[Referring expression grounding data]
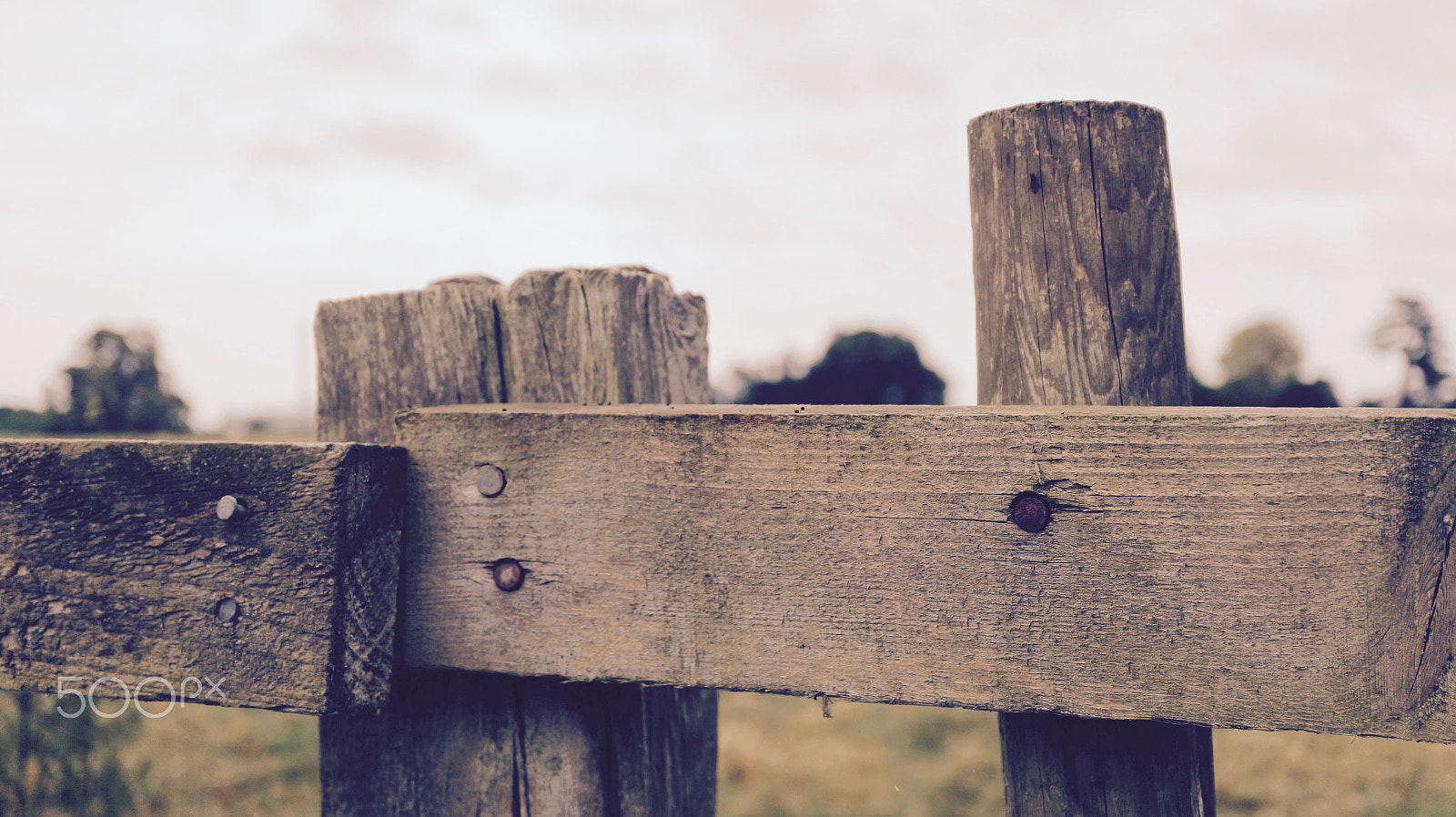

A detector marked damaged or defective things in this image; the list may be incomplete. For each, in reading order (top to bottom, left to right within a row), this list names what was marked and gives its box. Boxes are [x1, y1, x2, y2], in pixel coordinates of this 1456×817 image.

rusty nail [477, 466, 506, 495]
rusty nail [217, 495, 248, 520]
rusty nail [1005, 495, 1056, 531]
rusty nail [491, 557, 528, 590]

## Exercise
Above are the records; repeat them all exactly, without the pictures.

## Solution below
A detector marked damaged or defective things in this image; the list may be incomplete. For each, in reading order (top to bottom, left to right within a row), this list names what was marked and gives its box. Boxes are [x1, y1, x2, y2], in pixel coordinates of this 1456×817 image.

rusty nail [477, 466, 506, 495]
rusty nail [217, 495, 248, 520]
rusty nail [1005, 495, 1056, 531]
rusty nail [491, 557, 528, 590]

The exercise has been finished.